Each year in April and August, the U.S. International Trade Commission (ITC) accepts requests to amend U.S. import and export classifications to provide more specific data on imported and exported goods. The resulting statistical classification provisions can allow companies to better monitor imports and exports for purposes of business planning, identifying market trends or even promoting industry-wide recycling and collection efforts. Companies that import or export goods to or from the U.S. should review the existing import and export classifications for those goods and their critical inputs, and consider whether additional statistical provisions could add value to the company’s business operations.

Each product that is imported into or exported from the U.S. must be identified under a specific provision of the Harmonized Tariff Schedule of the United States (for imports) or Schedule B (for exports). While many highly specific classifications exist, others are more general, corresponding to many products that may be considered quite different within the trade.
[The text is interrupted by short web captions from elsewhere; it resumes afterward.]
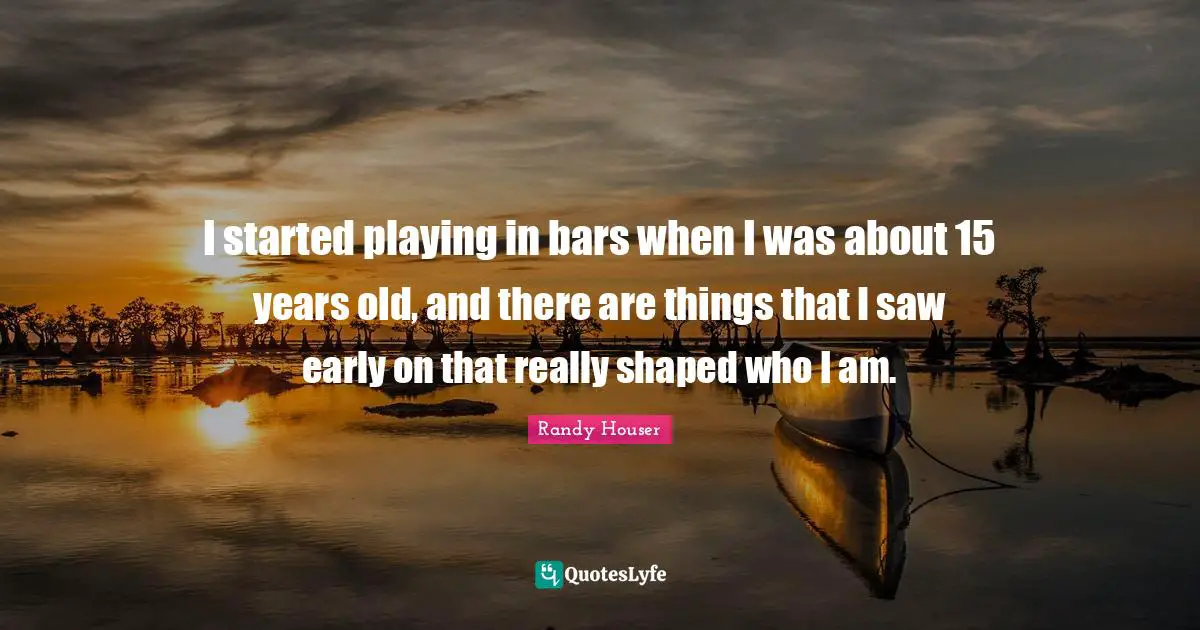 I started playing in bars when I was about 15 years old, and there are things that I saw early on that really shaped who I am.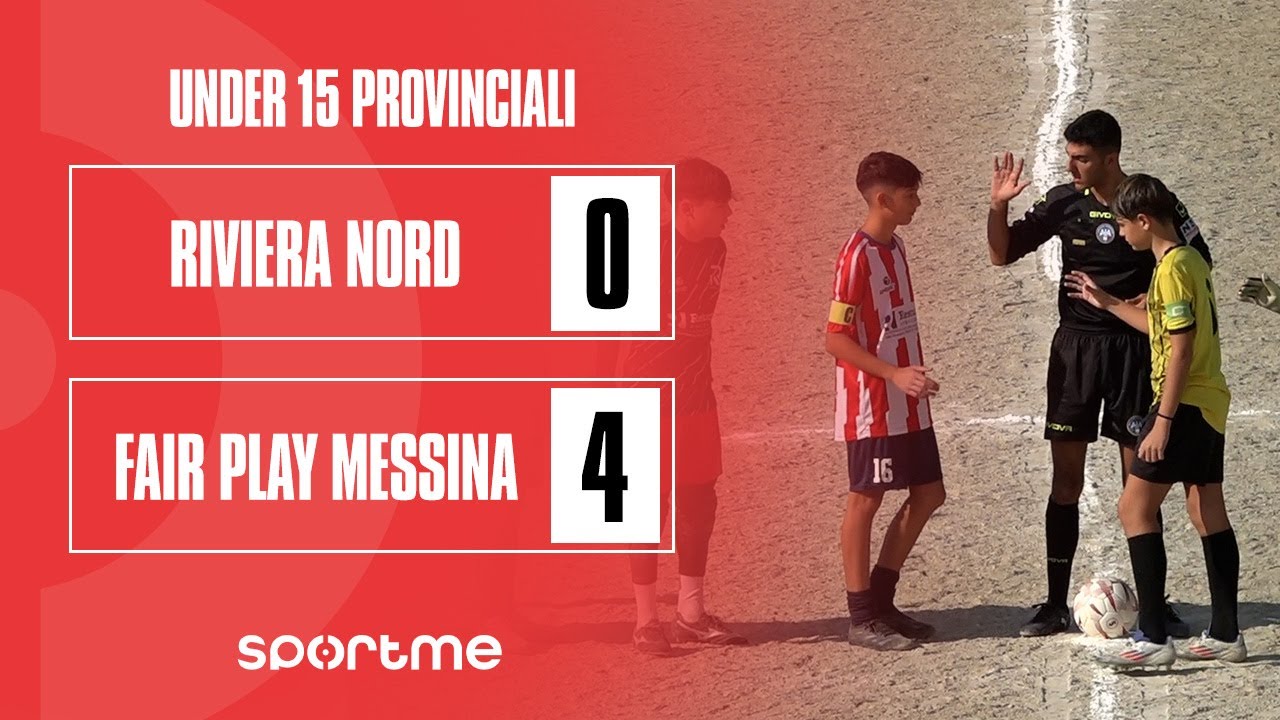 Under 15 Prov | Riviera Nord vs Fair Play Messina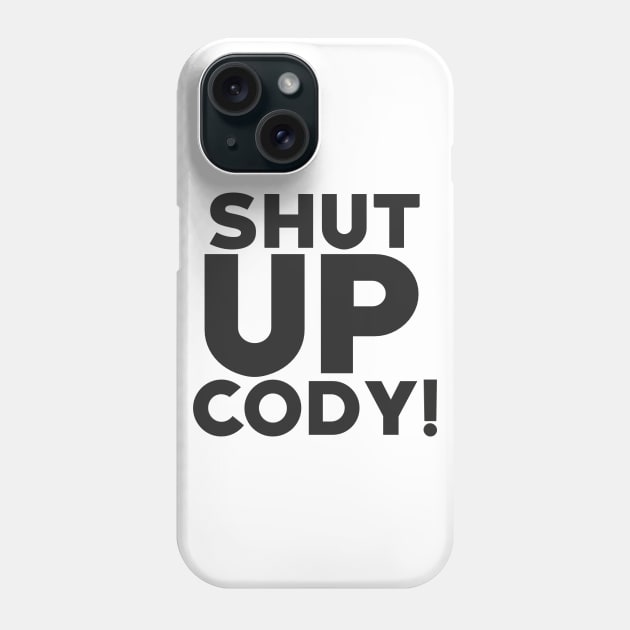 CODY HAGEN ''SHUT UP CODY'' Phone Case by KVLI3N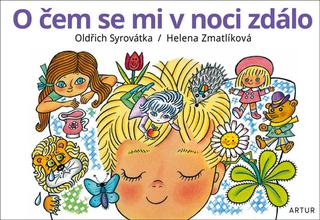 Kniha: O čem se mi v noci zdálo - 1. vydanie - Oldřich Syrovátka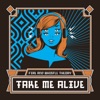Take Me Alive - EP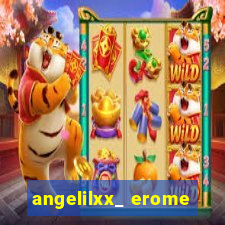 angelilxx_ erome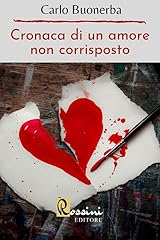 Cronaca amore non usato  Spedito ovunque in Italia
Where classifications are general, import and export statistics will be also be general, depriving companies of the benefits of critical volume and pricing data for specific goods.  A statistical classification, however, allows that company to identify the specific type of product being imported or exported, permitting use of valuable volume and price data to identify market trends and to assist in business planning and other efforts. 

Under the ITC’s process for requesting statistical provisions, a party could request a new classification for imports or exports, or both. A statistical classification may benefit your company or industry if your company engages in the following:

  • Monitoring of imports or exports for planning and marketing purposes;
  • Identifying imports into the U.S. for anti-dumping or countervailing duty purposes;
  • Monitoring imports or exports of raw materials that comprise a significant amount of a product’s value;
  • Identifying imports or exports for recycling efforts; and
  • Coordinating industry-wide cooperative efforts towards a specific goal.

While statistical classifications can be extremely beneficial to companies, the ITC does not approve all requests.  For example, to prevent or avoid the disclosure of confidential business information, the ITC will generally not approve a proposed statistical category under which three or fewer importers or exporters would likely report shipments.  Furthermore, the ITC would likely not approve a statistical classification if it would be significantly difficult for the U.S. Customs and Boarder Protection to enforce the proper classification of goods within the provision.

Requests for statistical classifications effective as of July 1, 2014 must be submitted by April 1, 2013.